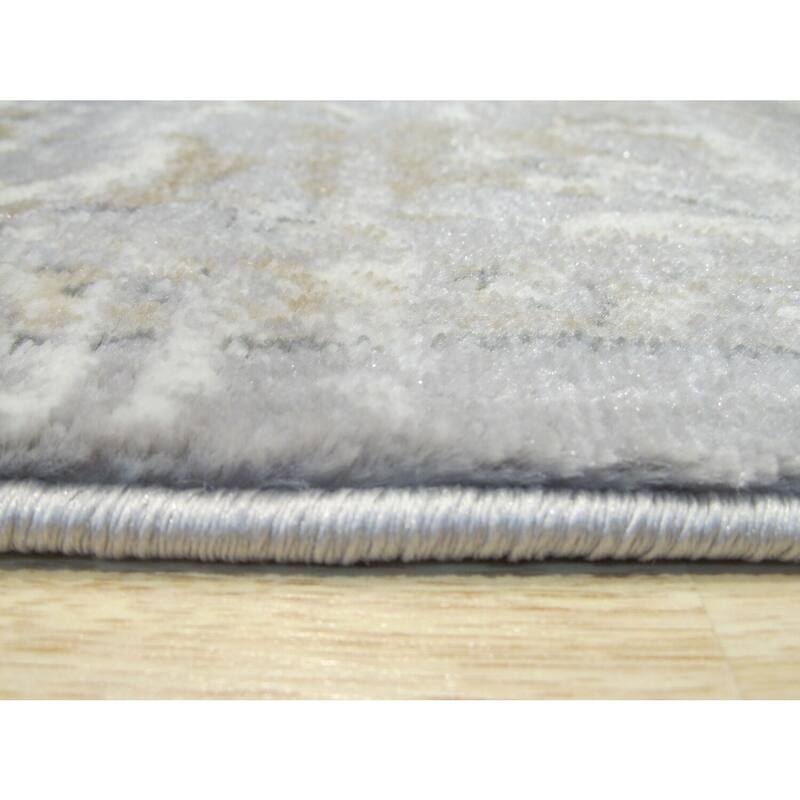 Gray Distressed Polypropylene Traditional Bohemian Style Rug, 5'3 x 7'3, Cozy Vibrant Home Rug - L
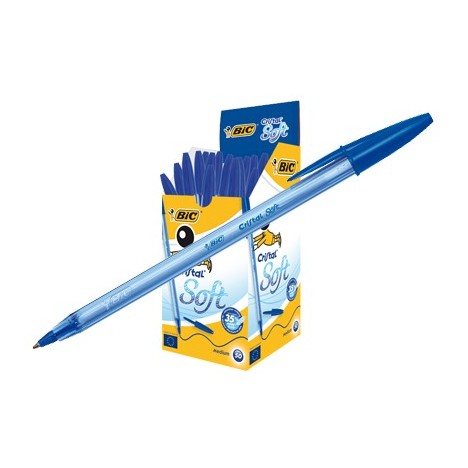 Boite 50 Stylos à bille Cristal Soft BIC - Bleu (951434)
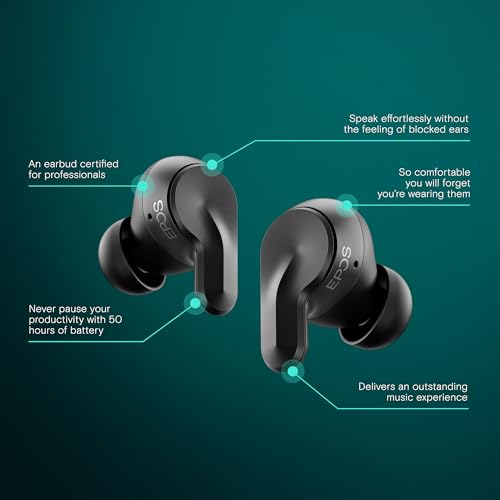 Image of EPOS ADAPT E1 True Wireless Earbuds Black - Hybrid ANC, Multi-Point Bluetooth, Microsoft Teams & Made for iPhone Certified, 50H Battery, Wireless Charging, Semi Open, USB C Dongle IPX5 Water Resistant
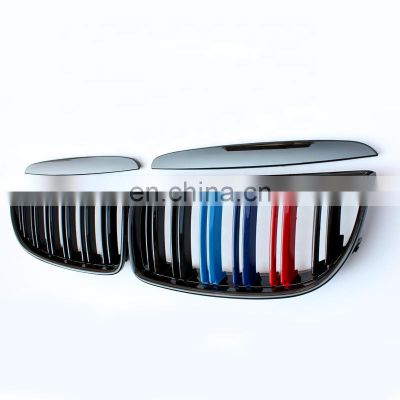 M3 style E90 front bumper grill for BMW 3 series E90 M color double slat line style 2005-2008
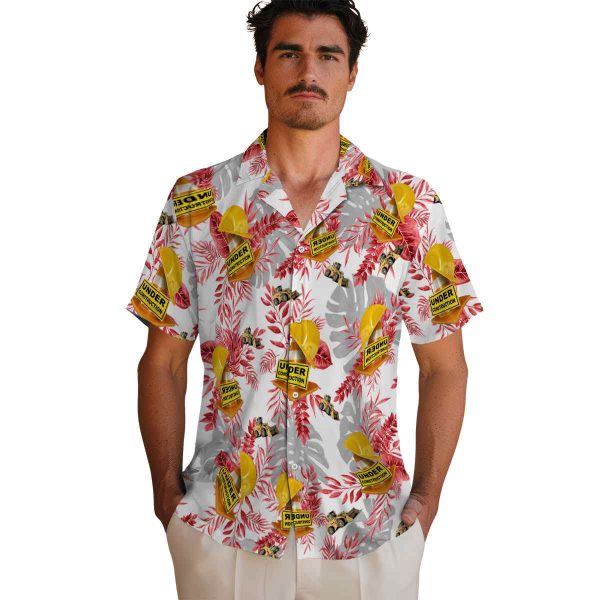 Construction Tropical Leaves Hawaiian Shirt High quality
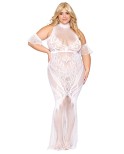 Robe bodystocking, grande taille, en résille t dentelle blanche Robe bodystocking, grande taille, en résille t dentelle blanche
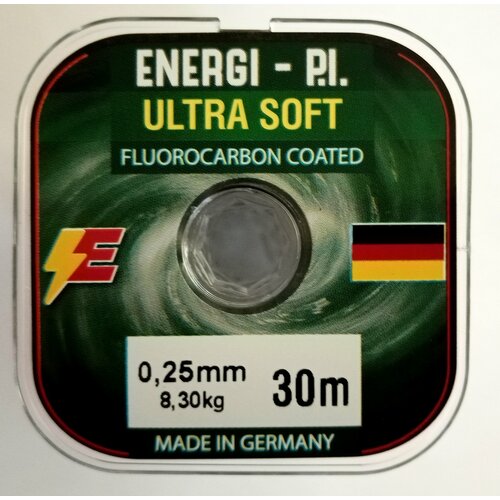 леска energi p i fluorocarbon 100% флюрокарбон 30m 0 17 mm Леска рыболовная, монофильная ULTRA SOFT Fluorocarbon coated, 30 м; 0.25 мм ENERGI-P. I.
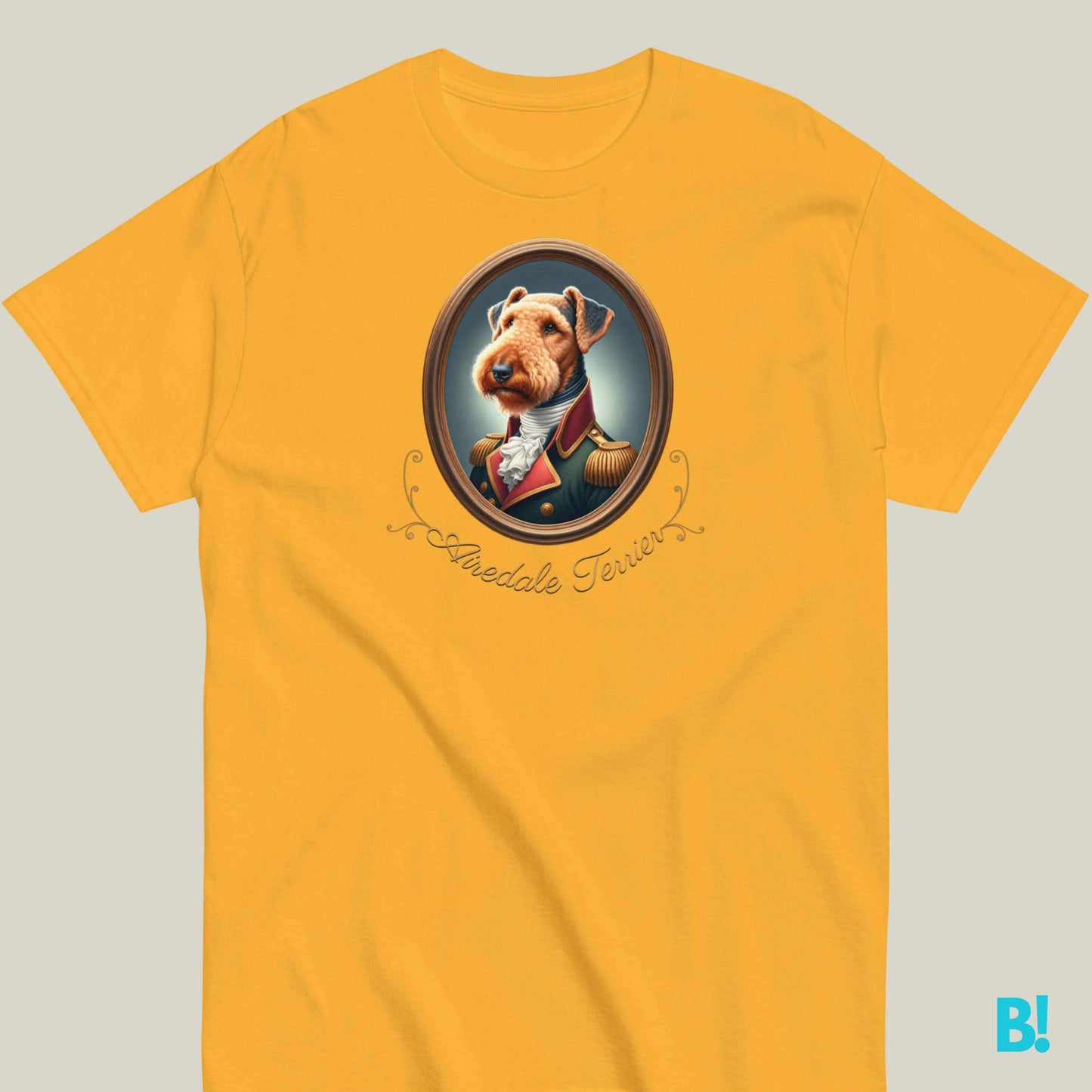 Airedale Terrier Napoleon Dog T-shirt – 100% Cotton Airedale Terrier fans, this Napoleon dog portrait T-shirt is a must-have! 100% cotton in 7 colors. Show off your unique style! €29.50 B!NKY Comfywear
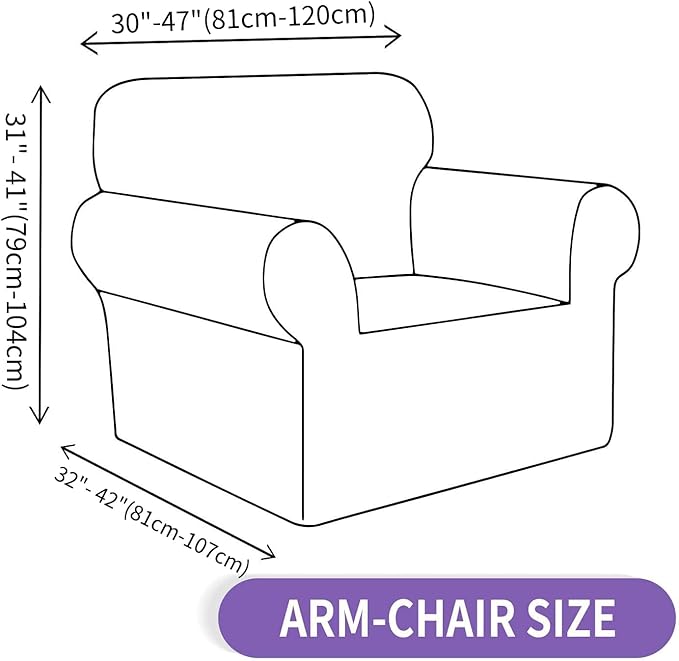 ZNSAYOTX Super Stretch Chair Slipcover Universal Sofa Chair Covers for Living Room Dogs Pet Furniture Protector Spandex Armchair Slipcovers with Anti Slip Foam Sticks (Navy Blue, Chair)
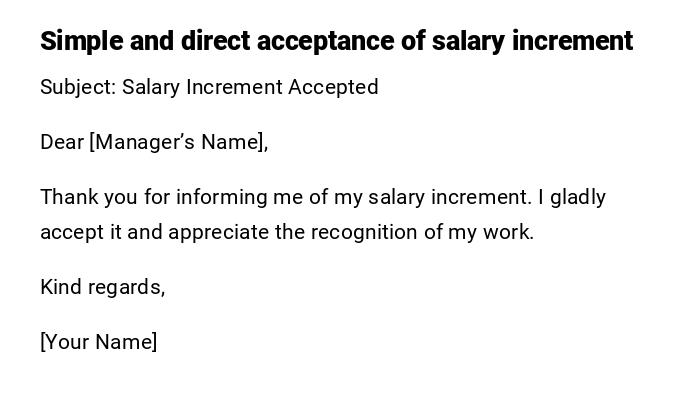 Simple and direct acceptance of salary increment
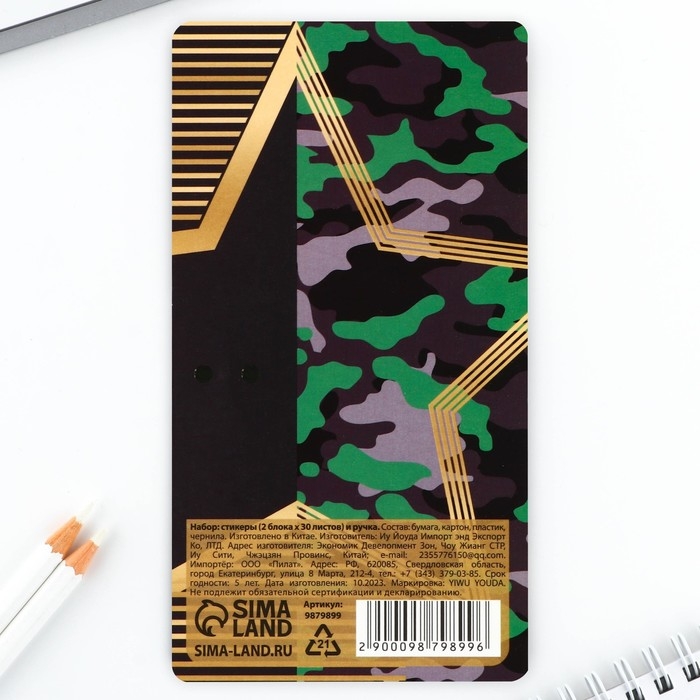 Подарочный набор стикеры и ручка &laquo;Настоящий герой&raquo;, 2 х 30 л, синяя паста 0.7 мм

□ □ □ □

* _WHAT YOU SHOULD DO_
What the answer needs is every line from the one with "ZNSAYOTX Super Stretch" through the last line of the data, reproduced word for word and with pictures omitted.

* _ANSWER SPACE_
 ZNSAYOTX Super Stretch Chair Slipcover Universal Sofa Chair Covers for Living Room Dogs Pet Furniture Protector Spandex Armchair Slipcovers with Anti Slip Foam Sticks (Navy Blue, Chair)
 Simple and direct acceptance of salary increment
 Подарочный набор стикеры и ручка &laquo;Настоящий герой&raquo;, 2 х 30 л, синяя паста 0.7 мм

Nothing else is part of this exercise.